# Required action:
Take the line with "Red abandonada causa" and every line after it, through the end of the listing, and give them again exactly, pictures excluded.

# Record extracts:

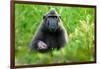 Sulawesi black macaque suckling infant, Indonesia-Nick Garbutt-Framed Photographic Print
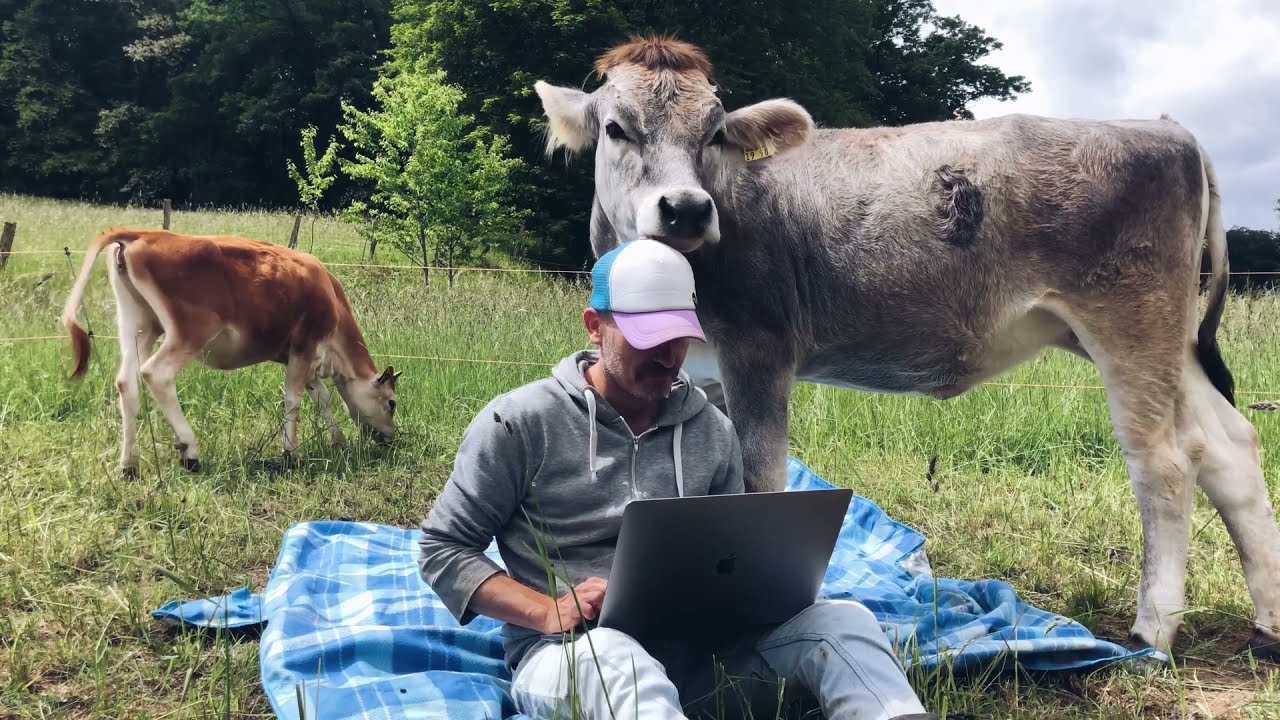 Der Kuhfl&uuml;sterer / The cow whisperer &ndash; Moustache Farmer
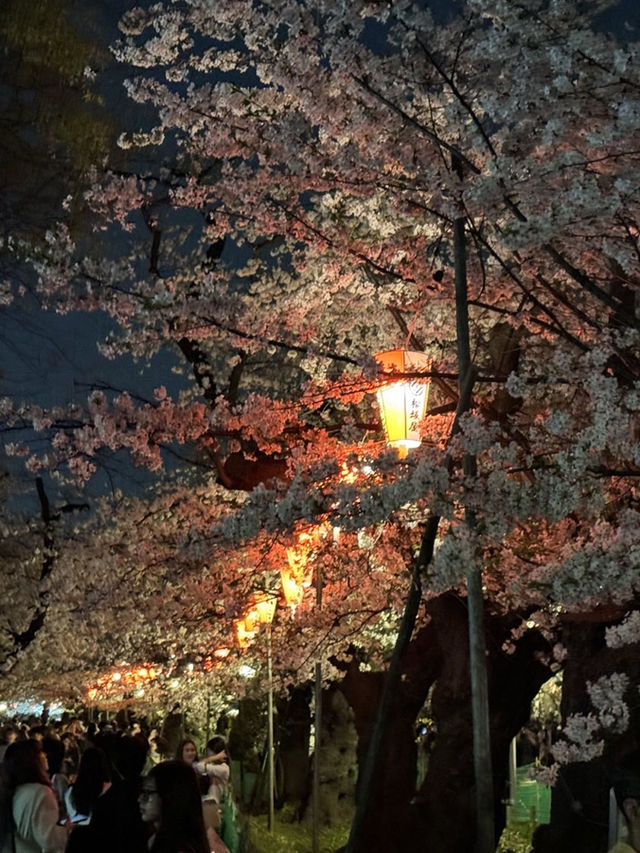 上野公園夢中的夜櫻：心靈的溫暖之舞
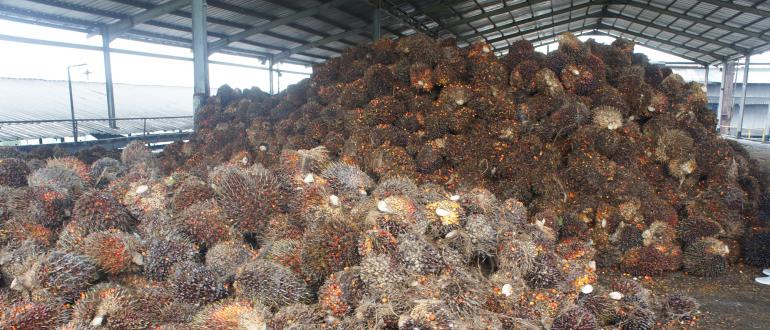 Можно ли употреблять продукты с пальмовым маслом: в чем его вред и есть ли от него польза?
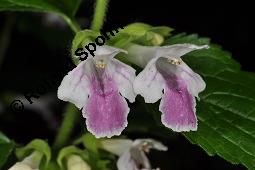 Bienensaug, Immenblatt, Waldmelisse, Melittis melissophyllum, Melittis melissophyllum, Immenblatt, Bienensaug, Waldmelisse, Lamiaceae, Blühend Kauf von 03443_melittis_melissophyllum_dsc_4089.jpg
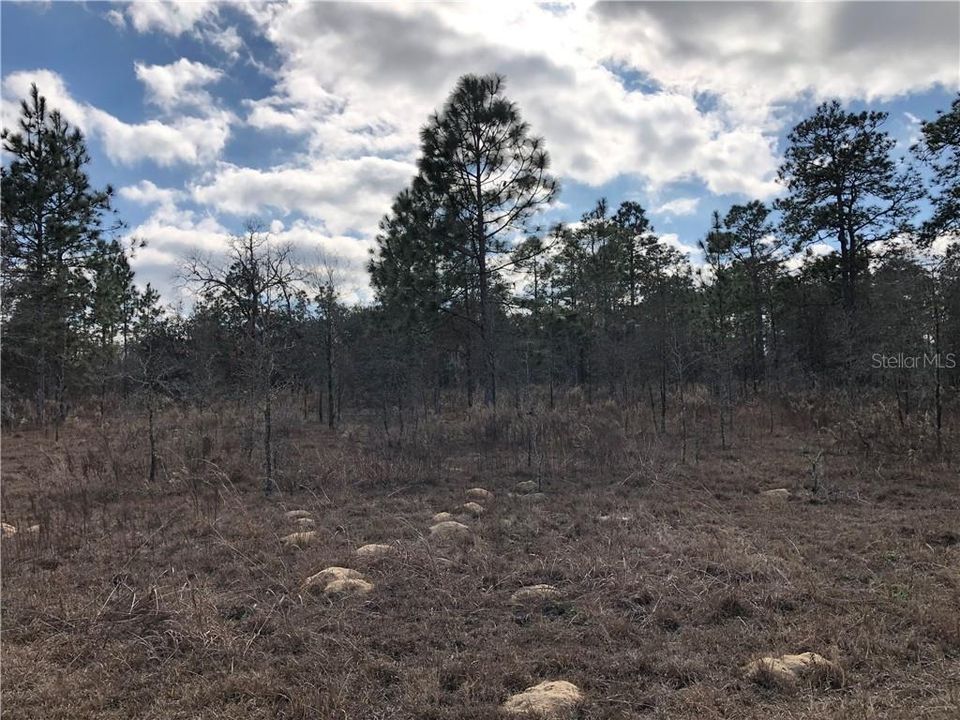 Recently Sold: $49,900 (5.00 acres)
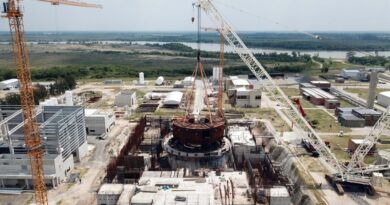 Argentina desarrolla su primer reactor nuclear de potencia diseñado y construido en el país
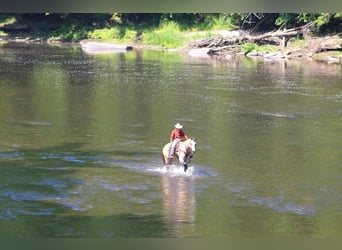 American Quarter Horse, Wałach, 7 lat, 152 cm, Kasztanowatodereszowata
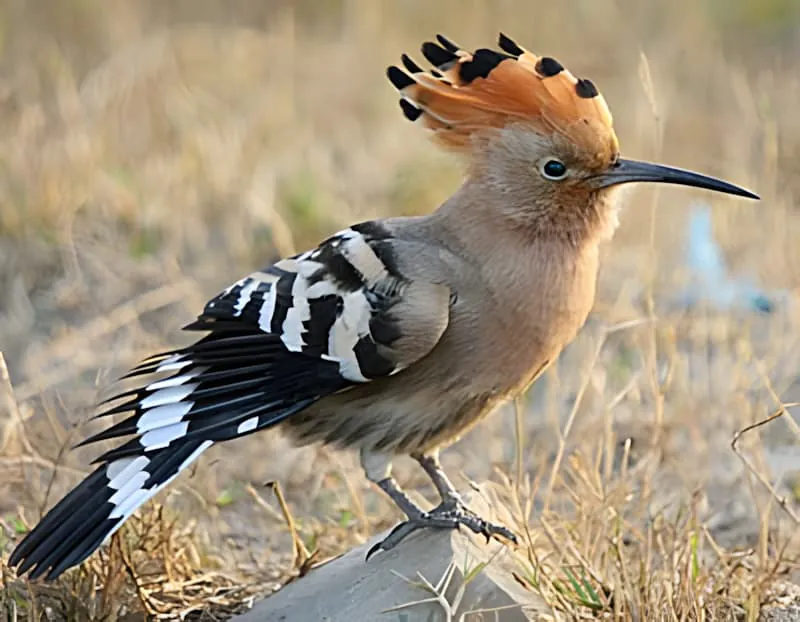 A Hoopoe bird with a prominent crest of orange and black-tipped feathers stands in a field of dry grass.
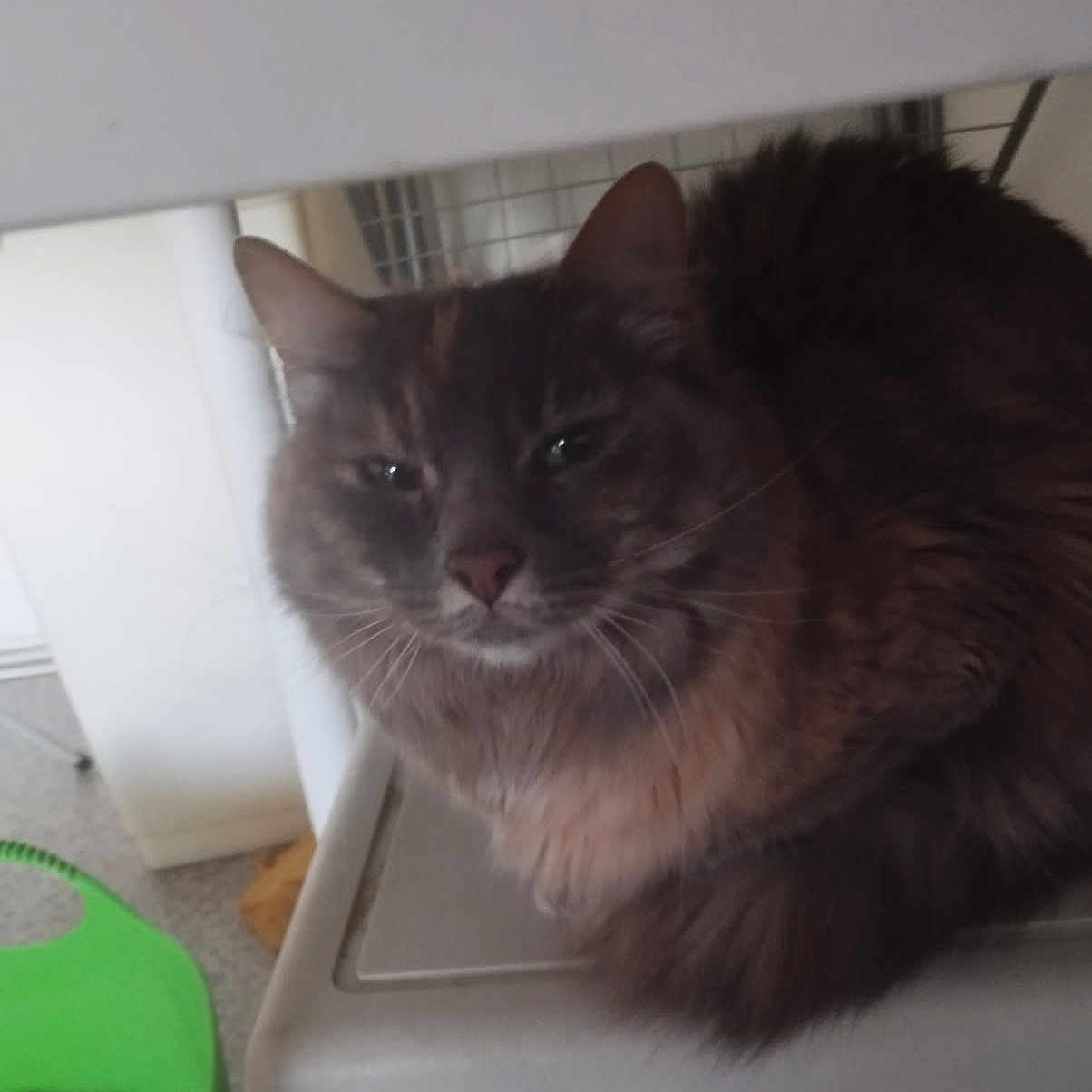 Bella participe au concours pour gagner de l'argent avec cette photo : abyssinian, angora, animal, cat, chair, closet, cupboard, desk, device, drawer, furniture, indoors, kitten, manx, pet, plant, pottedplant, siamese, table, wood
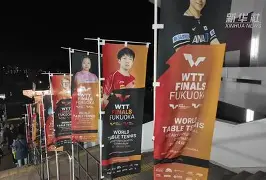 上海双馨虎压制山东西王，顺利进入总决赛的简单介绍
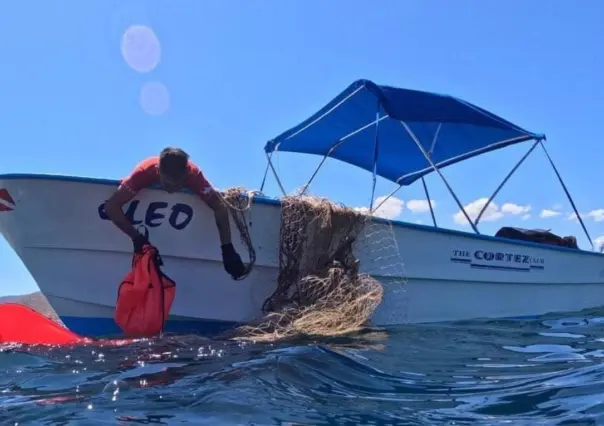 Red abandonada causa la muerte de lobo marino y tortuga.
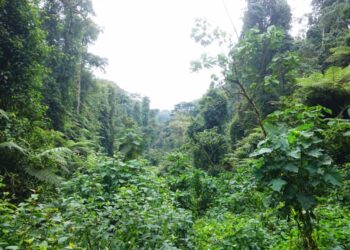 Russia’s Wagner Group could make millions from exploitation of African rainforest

# Result of this task:
 Red abandonada causa la muerte de lobo marino y tortuga.
 Russia’s Wagner Group could make millions from exploitation of African rainforest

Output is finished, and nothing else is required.